Assignment
For the word "выполнен", report how many lines of the records below contain it, and nothing more.

[Stored records]
┌────────
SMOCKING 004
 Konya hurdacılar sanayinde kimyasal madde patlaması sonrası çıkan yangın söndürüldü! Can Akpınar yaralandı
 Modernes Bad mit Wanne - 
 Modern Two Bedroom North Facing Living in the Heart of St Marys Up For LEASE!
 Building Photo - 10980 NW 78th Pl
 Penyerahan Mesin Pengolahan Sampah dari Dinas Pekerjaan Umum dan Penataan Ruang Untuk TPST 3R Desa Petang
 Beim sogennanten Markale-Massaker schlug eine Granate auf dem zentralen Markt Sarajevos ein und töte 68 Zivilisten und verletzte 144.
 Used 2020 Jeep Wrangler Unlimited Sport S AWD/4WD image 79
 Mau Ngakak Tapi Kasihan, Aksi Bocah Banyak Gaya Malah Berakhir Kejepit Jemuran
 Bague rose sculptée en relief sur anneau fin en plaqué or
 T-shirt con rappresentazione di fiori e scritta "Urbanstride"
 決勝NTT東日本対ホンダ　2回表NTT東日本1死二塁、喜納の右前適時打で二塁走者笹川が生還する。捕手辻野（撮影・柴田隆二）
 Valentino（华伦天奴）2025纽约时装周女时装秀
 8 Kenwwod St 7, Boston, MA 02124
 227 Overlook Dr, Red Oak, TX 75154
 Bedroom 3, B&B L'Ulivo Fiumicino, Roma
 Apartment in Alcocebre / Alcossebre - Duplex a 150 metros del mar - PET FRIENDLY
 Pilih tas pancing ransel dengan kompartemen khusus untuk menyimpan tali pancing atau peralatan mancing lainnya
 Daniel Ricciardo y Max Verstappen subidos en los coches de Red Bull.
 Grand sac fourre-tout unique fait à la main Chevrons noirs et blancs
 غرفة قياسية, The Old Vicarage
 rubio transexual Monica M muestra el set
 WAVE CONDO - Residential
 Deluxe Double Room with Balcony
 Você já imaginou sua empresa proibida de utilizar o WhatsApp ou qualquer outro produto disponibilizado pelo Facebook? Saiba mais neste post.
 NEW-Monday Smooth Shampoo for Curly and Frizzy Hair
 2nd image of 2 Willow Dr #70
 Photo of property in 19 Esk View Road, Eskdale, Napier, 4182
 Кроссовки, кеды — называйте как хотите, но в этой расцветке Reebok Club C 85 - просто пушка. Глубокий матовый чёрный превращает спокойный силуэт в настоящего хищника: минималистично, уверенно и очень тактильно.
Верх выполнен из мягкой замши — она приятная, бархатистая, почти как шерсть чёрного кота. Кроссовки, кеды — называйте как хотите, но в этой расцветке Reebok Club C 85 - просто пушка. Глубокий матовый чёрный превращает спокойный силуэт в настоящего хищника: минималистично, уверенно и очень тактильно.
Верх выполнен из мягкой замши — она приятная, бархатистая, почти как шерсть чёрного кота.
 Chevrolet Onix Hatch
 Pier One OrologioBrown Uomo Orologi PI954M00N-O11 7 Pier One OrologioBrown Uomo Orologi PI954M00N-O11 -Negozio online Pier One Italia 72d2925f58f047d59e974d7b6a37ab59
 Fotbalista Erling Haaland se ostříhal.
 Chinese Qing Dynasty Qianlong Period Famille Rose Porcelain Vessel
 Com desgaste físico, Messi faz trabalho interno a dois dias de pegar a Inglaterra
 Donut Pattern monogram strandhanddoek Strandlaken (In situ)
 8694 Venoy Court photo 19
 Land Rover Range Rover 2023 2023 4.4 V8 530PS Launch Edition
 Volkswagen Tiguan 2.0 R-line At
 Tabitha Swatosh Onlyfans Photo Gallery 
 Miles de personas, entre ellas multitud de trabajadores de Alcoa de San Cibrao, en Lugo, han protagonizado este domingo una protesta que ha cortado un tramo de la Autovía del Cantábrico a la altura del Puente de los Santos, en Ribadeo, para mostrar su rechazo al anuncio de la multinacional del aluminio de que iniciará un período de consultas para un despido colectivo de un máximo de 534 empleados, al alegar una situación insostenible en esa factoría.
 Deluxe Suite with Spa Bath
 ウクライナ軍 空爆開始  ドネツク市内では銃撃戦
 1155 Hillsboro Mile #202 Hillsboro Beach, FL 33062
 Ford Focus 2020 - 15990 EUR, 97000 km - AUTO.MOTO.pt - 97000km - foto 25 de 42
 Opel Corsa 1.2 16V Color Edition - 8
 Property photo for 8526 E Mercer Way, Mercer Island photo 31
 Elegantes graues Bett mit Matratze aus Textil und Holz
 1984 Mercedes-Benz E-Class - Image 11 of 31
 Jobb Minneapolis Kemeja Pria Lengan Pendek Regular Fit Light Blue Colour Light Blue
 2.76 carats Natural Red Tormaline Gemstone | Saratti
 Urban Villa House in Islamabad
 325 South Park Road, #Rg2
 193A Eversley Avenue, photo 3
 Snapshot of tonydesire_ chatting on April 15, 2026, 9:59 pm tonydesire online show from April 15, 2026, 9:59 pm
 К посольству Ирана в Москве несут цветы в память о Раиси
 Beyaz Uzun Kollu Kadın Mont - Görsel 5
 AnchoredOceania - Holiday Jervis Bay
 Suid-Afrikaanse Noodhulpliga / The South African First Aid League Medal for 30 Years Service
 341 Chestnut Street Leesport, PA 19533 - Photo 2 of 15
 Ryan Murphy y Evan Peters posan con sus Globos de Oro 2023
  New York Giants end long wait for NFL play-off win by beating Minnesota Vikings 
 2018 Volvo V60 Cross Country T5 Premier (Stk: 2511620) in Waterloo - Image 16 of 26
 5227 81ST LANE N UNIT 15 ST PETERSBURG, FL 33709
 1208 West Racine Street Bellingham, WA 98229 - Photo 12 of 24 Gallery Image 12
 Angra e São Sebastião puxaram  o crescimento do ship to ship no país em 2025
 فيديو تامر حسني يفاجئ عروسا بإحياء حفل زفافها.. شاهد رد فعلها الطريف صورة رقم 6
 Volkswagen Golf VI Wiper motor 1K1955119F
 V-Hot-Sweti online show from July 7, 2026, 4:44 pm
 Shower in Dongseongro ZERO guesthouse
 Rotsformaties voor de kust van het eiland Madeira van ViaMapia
└────────
Response area
2